Resumo do PDF:Descubra o seu “porquê”, por Simon Sinek, David Mead e Peter Docker
Resumo do livro: Conheça os pontos principais em poucos minutos.
A seguir, apresentamos uma prévia do resumo do livro “Find Your Why”, de Simon Sinek, David Mead e Peter Docker, publicado pela Shortform. Leia o resumo completo e detalhado na Shortform.
Resumo em PDF de uma página do livro “Find Your Why”
Pessoas e organizações orientadas por um propósito são mais bem-sucedidas e realizadas, além de contribuírem mais para o mundo ao seu redor, segundo Simon Sinek, autor de best-sellers, coach e palestrante popular do TED Talk.
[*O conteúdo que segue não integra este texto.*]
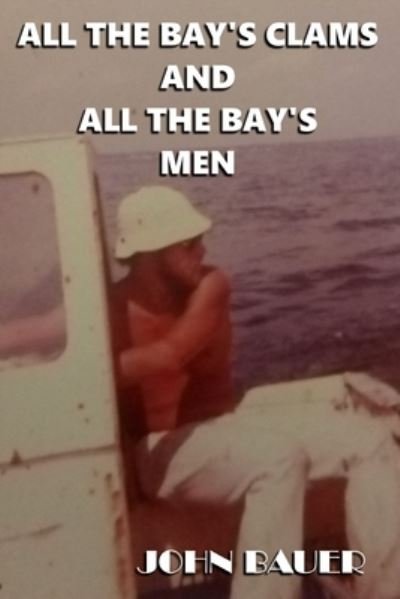 Cover for John Bauer · All The Bay's Clams And All The Bay's Men (Paperback Bog) (2021)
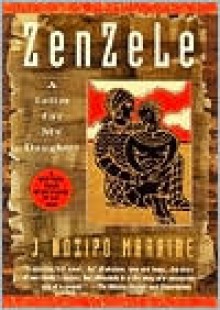 Zenzele: A Letter for My Daughter - J. Nozipo Maraire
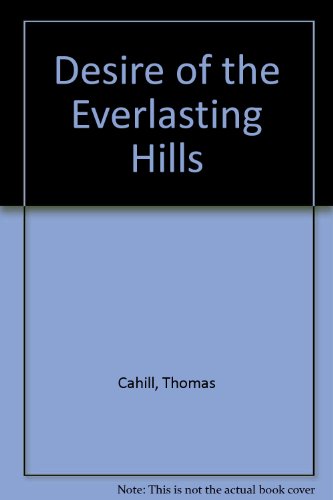 Desire of the Everlasting Hills: The World Before and After Jesus (9780783887111) by Thomas Cahill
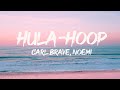 Carl Brave, Noemi - HULA-HOOP (Lyrics-Testo)|Måneskin, Baby K,Marco Mengoni
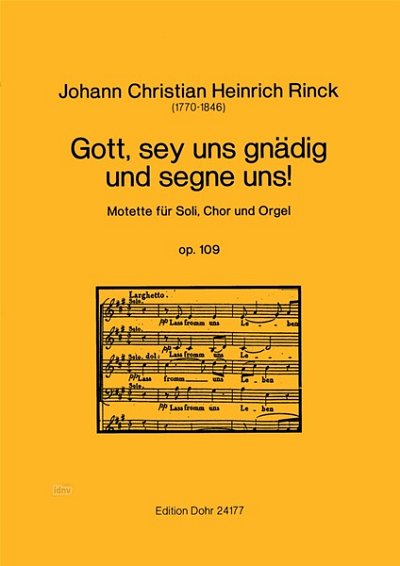 J.C.H. Rinck: Gott, sey uns gnädig und segne uns! op. 109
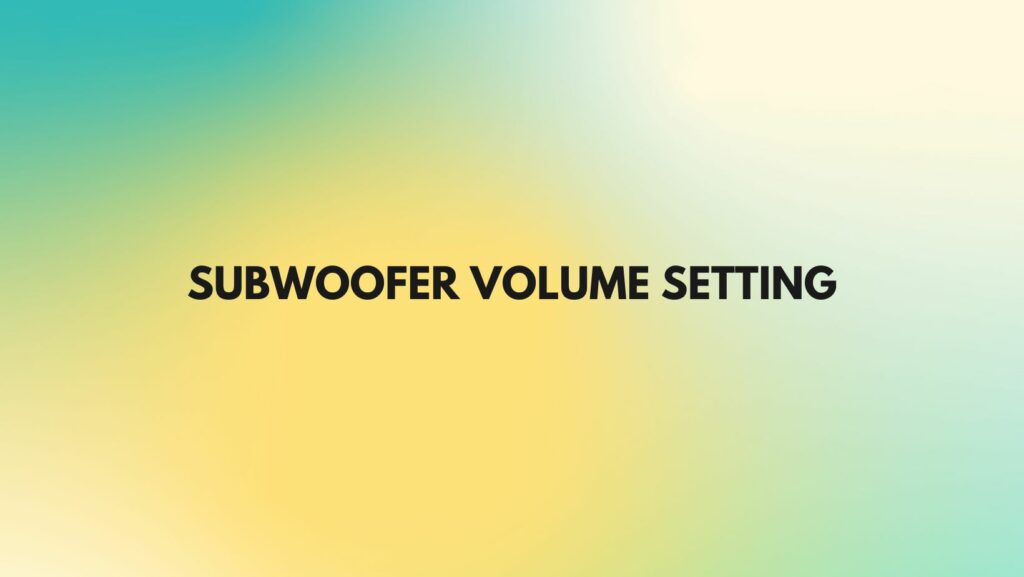 Subwoofer volume setting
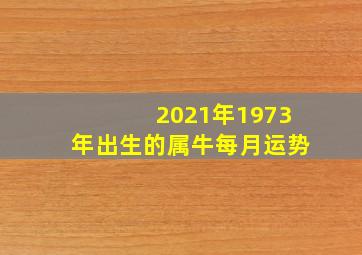 2021年1973年出生的属牛每月运势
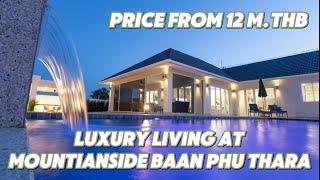 Luxury Living At Baan Phu Thara Mountainside Pool Villa  Hua Hin Price from 12 M.THB ll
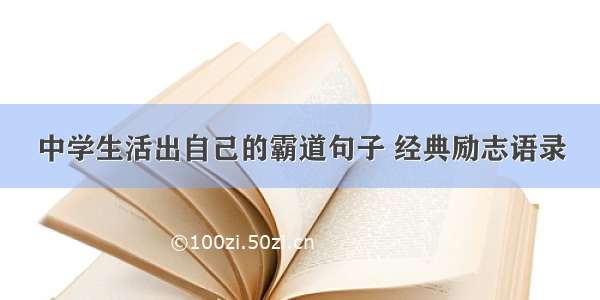 中学生活出自己的霸道句子 经典励志语录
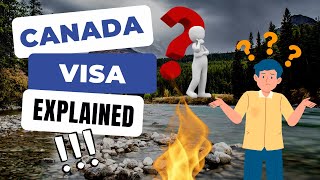 Canadas Different Visa Categories Explained [upl. by Ranip]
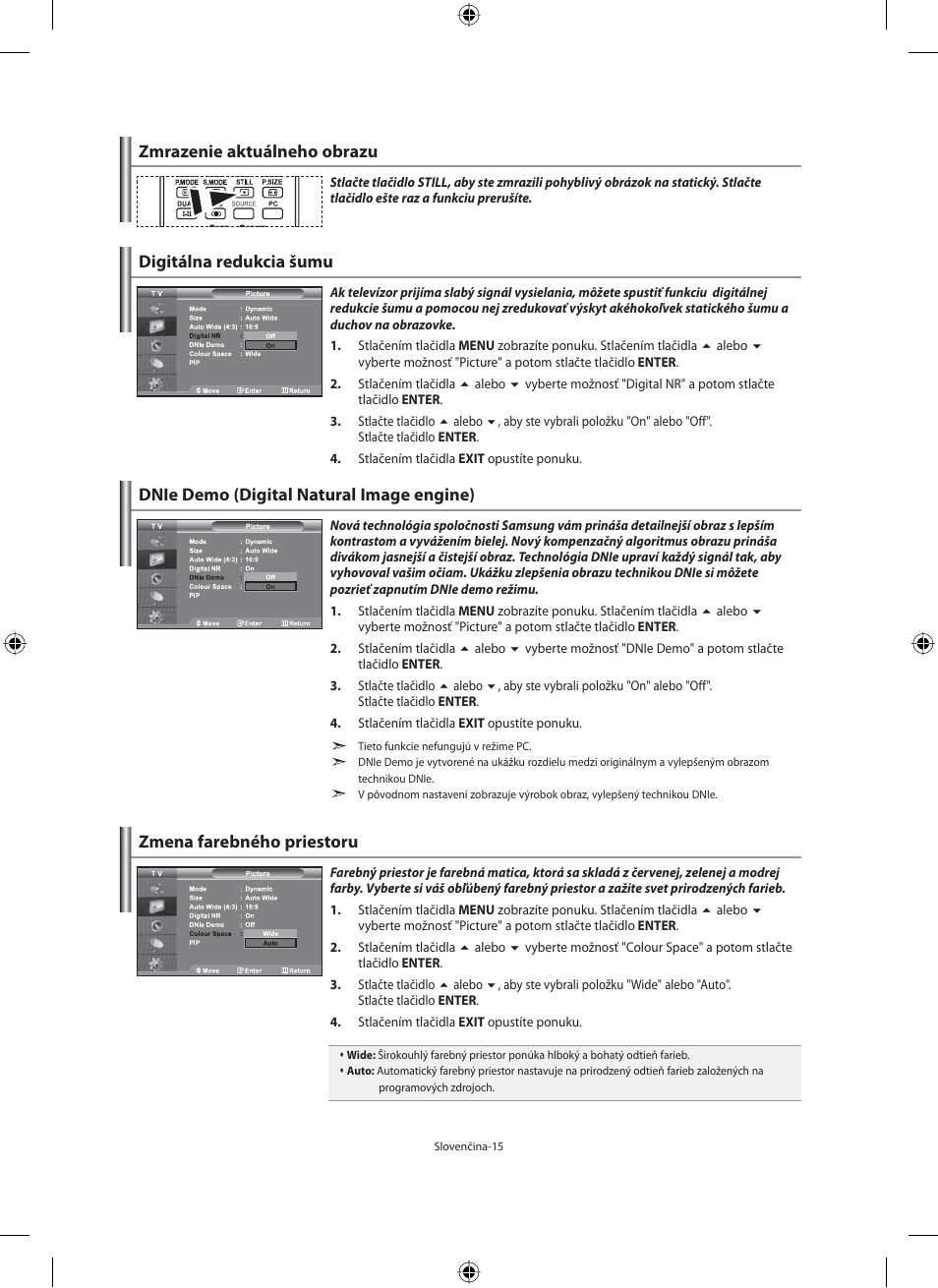 Zmrazenie aktuálneho obrazu, Digitálna redukcia šumu, Dnie demo (digital natural image engine) | Zmena farebného priestoru | Samsung LE40N71B User Manual | Page 237 / 355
O livro “Descubra o Seu Porquê” resume a teoria de Sinek e sua experiência de trabalho com organizações e indivíduos em um guia prático que você pode seguir para descobrir seu próprio propósito e seus pontos fortes, ou os da sua organização.
Segundo Sinek, “descobrir o seu Porquê” significa encontrar a única crença fundamental que o inspira a realizar o trabalho que escolheu fazer e a ser a pessoa que deseja ser em todas as esferas da sua vida. Ele acredita que todo indivíduo e toda organização têm um propósito, embora nem todos tenham descoberto o seu ou conseguido expressá-lo em palavras.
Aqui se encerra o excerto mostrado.